By the time that second compilation arrived in late 1995, I was a full-fledged Esquivel fan — so when I learned that the great man would actually be doing interviews to support its release, I jumped at the chance to speak with him. At the time of our phone conversation, the 77 year-old Esquivel had already been confined to bed for a couple of years due to hip and spinal issues (the latter stemming from an injury he’d suffered back in 1961), but his mind was still extremely sharp, and his sense of humor was as playful as ever. “They thought I was crazy,” he laughed, recalling the uptight critical reception to some of his work back in the day…

At this point, he was still talking about making a comeback, though that sadly never happened; his health problems continued to limit his movement, and he died in 2002 after suffering a series of strokes.

The piece that resulted from our interview ran in the L.A. Reader, where I was working at the time as Assistant Music Editor, but the interview itself (the tape of which I recently unearthed) has never been published anywhere until now — and I present it here as a treat for my paid subscribers. I would have the pleasure of interviewing Esquivel again, in late 1999, and I will also share that Q&A here in the not too distant future…

(Oh, and just for the record — while I would have respectfully addressed him as Señor Esquivel, I was informed by his publicist ahead of our call that he preferred to be addressed as Juan.)

Hello, Juan.

Hello, how are you?

Good. How are you feeling today?

Oh, so-so. But I could say that I'm living well.

That’s good to hear. Well, so I wanted to ask you a few questions about your music. When you were writing and arranging and making your records, did you have any idea that future generations would fall in love with it like they have?

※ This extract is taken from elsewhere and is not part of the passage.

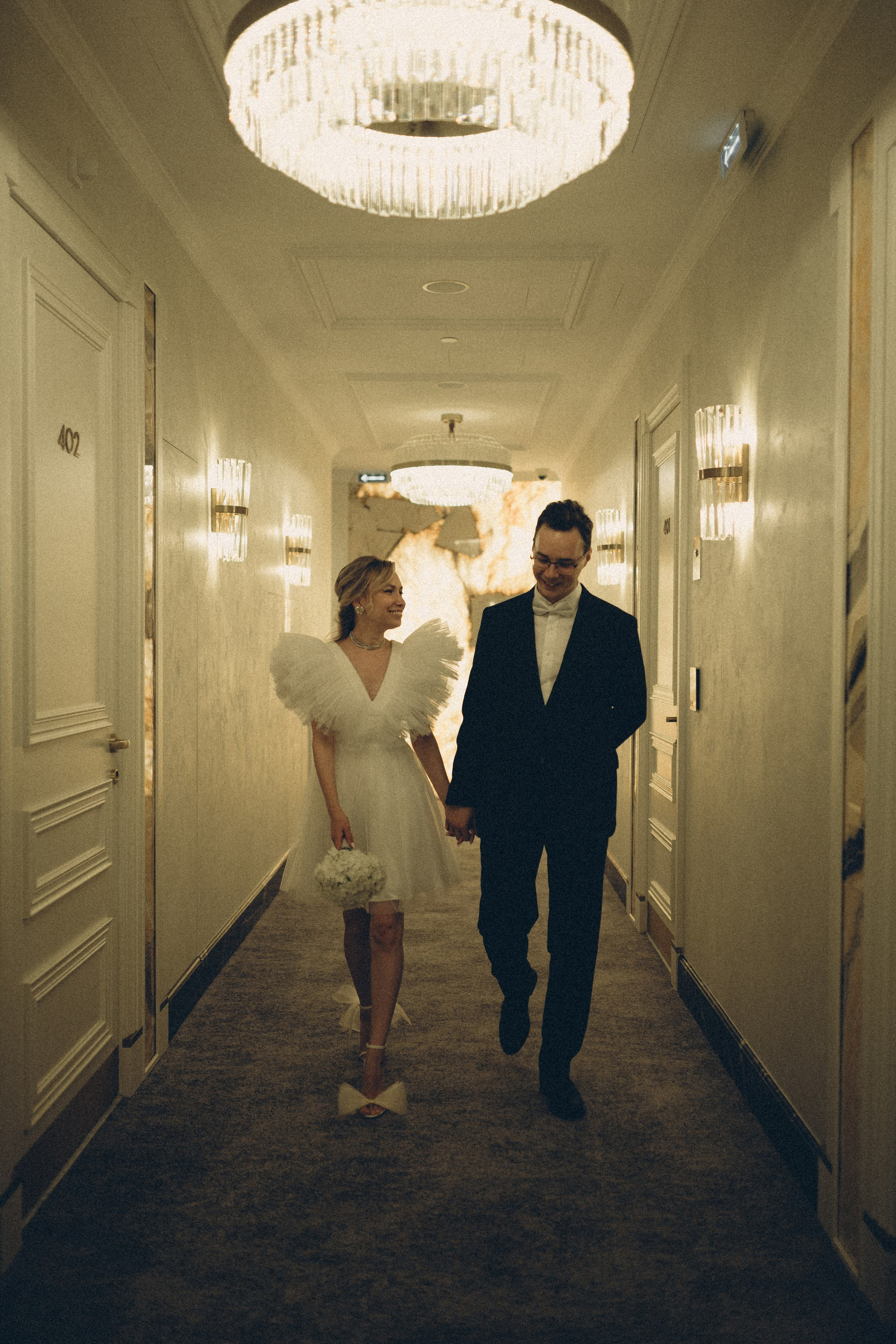 Евгения и Владимир. Свадебный и портретный фотограф в Калининграде и Москве Марк Юдинцев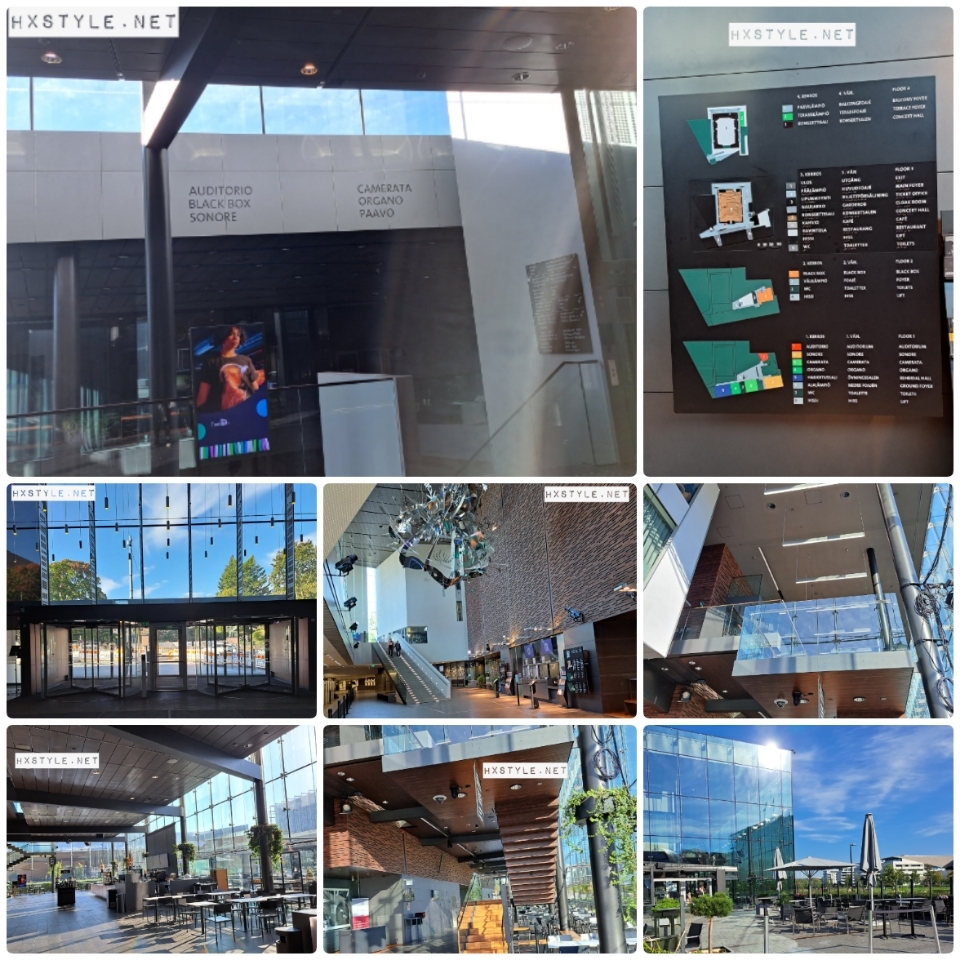 KULTTUURI. MUSIIKKITALO Helsinki. Eka Kerta Vierailu ja Valokuvaus. MUSIIKKITALO v. 2011 Design LPR -Arkkitehdit…6 Konserttisalia, LIPUNMYYNTI, Kahvila ja Lounasravintola, Terassi, Kirjasto, Fuga ja Osinto. SUOSITTU 67…20 +47…32 Tykkäystä 4.10.2023. LIFESTYLEBLOG HXSTYLE.net&nbsp;Heini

No — as a matter of fact, this has been a surprise for me. I’m very happy with the way that the younger generations are receiving my music, and that they appreciate the arrangements. And the only thing that I could say is that I am a little jealous of the attention that they pay to my arrangements, and they don’t mention my piano playing. [laughs] Because in all my music, I do the arrangements and I conduct and I play the piano.